All my life, I have struggled with insecurities. I was never pretty enough, kind enough, smart enough or funny enough. I was never “good enough” and I was sure that everyone who looked my way could see my shortcomings and failures blaring like a neon sign.
When I had to go to my 10 year class reunion last summer, those insecurities really blossomed. Because now, in addition to all the other things, I had gained 70 lbs and wasn’t “skinny enough”, which was a relatively new problem.
I obsessed about what people must see when they look at me. Did they see my shortcomings as a mother? Someone who was overweight? One day during worship at church, I said, “God, what do you see?” I braced myself for the condemnation that was sure to come. I expected a list of my shortcomings and the list I had already prepared began running through my mind.
Instead, in the midst of my own thoughts, I heard a whisper in my spirit, “perfection.”
Immediately, I was overcome by the love of Christ washing over me and tears began to flow freely. While the awesome feeling of being surrounded by His presence confirmed that God had indeed spoken the word to me, I was confused. Allow me to confirm what you already know, I’m not perfect.
About the same time, I stumbled upon a blog entry, “Is God Good?” written by a woman who lost her son. Even in her pain, she says that God is good. Because His goodness is not dependent upon our circumstances. God used this to illustrate a completely different idea to me: Just as His goodness isn’t dependent on our circumstances, His love for us isn’t dependent upon our worthiness.
Romans 5:8 says that “God demonstrates His love for us in that while we were yet sinners, Christ died for us.”

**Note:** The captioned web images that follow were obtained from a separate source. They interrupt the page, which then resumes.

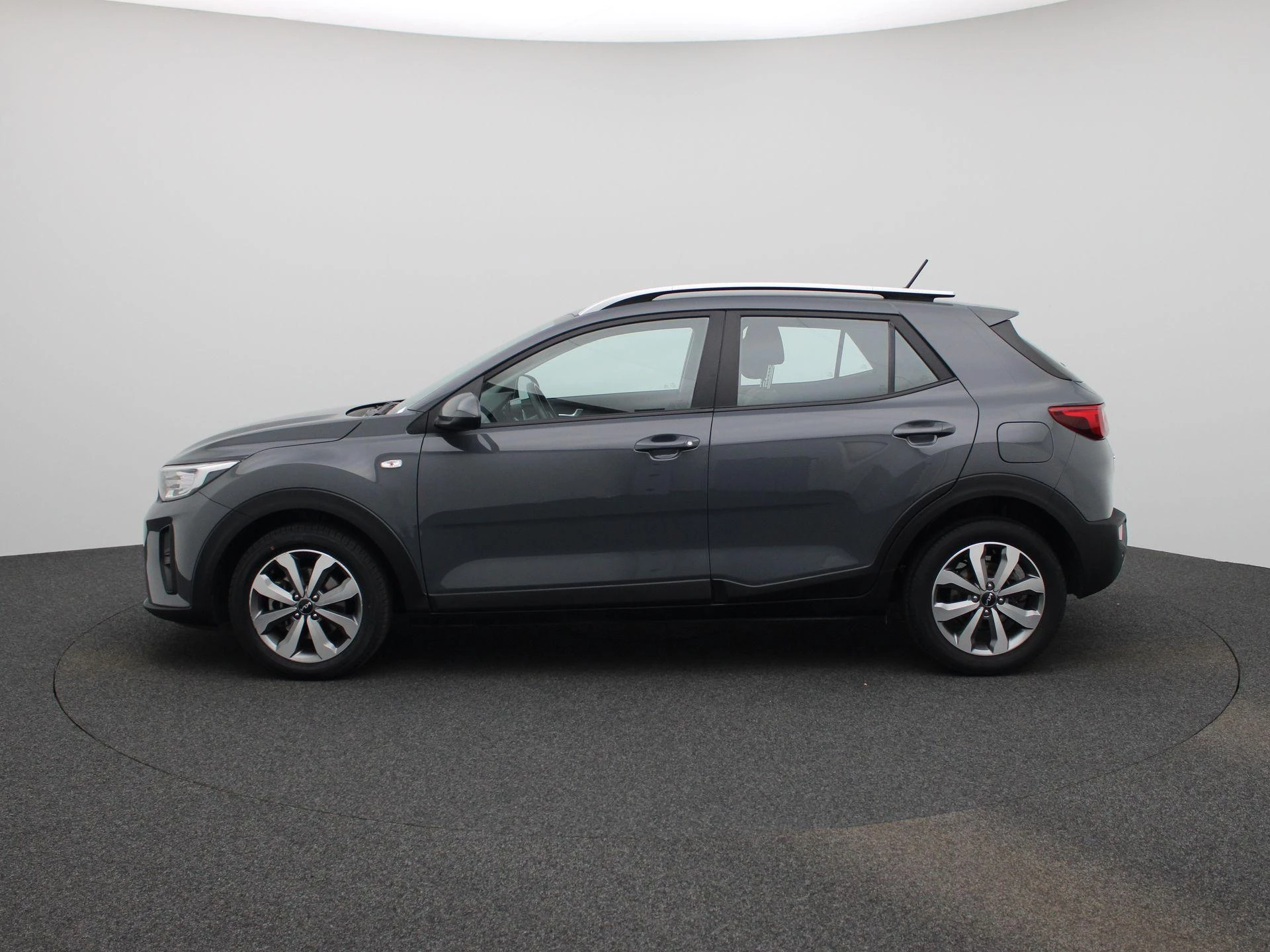 Kia Stonic 1.0 T 100 Urban Edition | PDC A | Carplay | Airco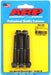 ARP ARP Chromoly Bolts 640-2250 Autofit
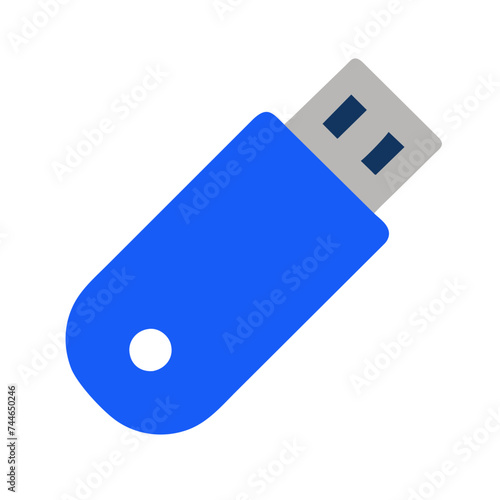 usb flash drive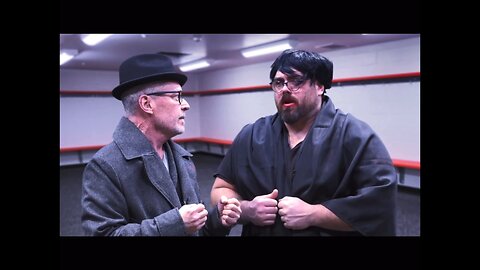 Skate like the beautiful swan that you are!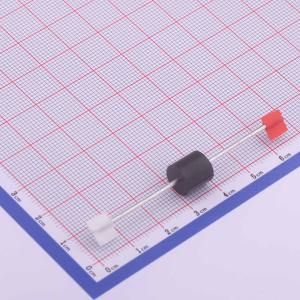 30KPA70CA/B商品缩略图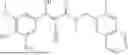 Fig. 266 - FTO INHIBITORS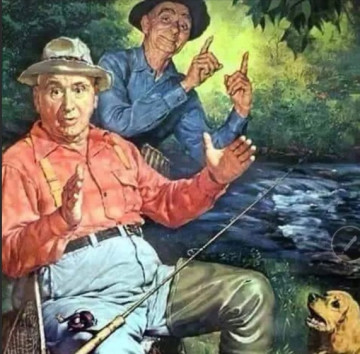 Маркер общего уровня потерь". "Если уж флагман, "Москва", потерян, что уж об остальном говорить…" Приёмы информ-войны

I realized that I was looking at things from my perspective, and not through spiritual eyes. God led me to this verse: “For by one offering, He has perfected forever those who are being sanctified.” (Hebrews 10:14)
He has perfected forever.
Romans 3:23 says ”all have sinned and fall short of the Glory of God”. Romans 3:10 says “there is none righteous”. No one is perfect, but the law requires perfection. Romans 3:20 says that “by the deeds of the law, no flesh will be justified in his sight.” No one is perfect, and the wages of sin is death.
When Jesus came, that law wasn’t done away with, it was fulfilled. God’s law still requires perfection. James says, “whoever shall keep the whole law, and yet stumble in one point, he is guilty of all.” (James 2:10) There is no “good enough”…it’s all or nothing. As far as salvation goes, in God’s eyes there is no in between. We are either perfect or not. Heaven bound or Hell bound. If we have even one sin, we aren’t good enough, and sin is separation from God (Isaiah 59:2)
Jeremiah 31:34 says “I will forgive their iniquity, and their sin I will remember no more.”
This is what Christ does for us when we accept His sacrifice. He wipes out sin, making us perfect and blameless in the eyes of God. We could have no fellowship with Him otherwise.
God sees perfection when He looks at me, not because I’m perfect. But because, through His grace, He chooses to “forget” my sins. To remove them as far as the east is from the west (Psalm 103:12). And, through His grace, He chooses to see me, clothed in the perfection of Christ instead of the ugliness of my sin. He sees me through eyes of love and grace.
I am so thankful for His sacrifice and His love. Really believing (with my heart) how much he loves me is something that I have struggled with, and I shared yesterday over at Southern Mama & Wife, one of the things that really opened my eyes to the depth of God’s love for me. Please check it out, and give her some encouragement while you’re there :)
Please note that I believe very much in striving for holiness, and the grace of God should NEVER be used as a license to sin. I am merely sharing a revelation that the Lord gave to me, in hopes that it will help someone else as well.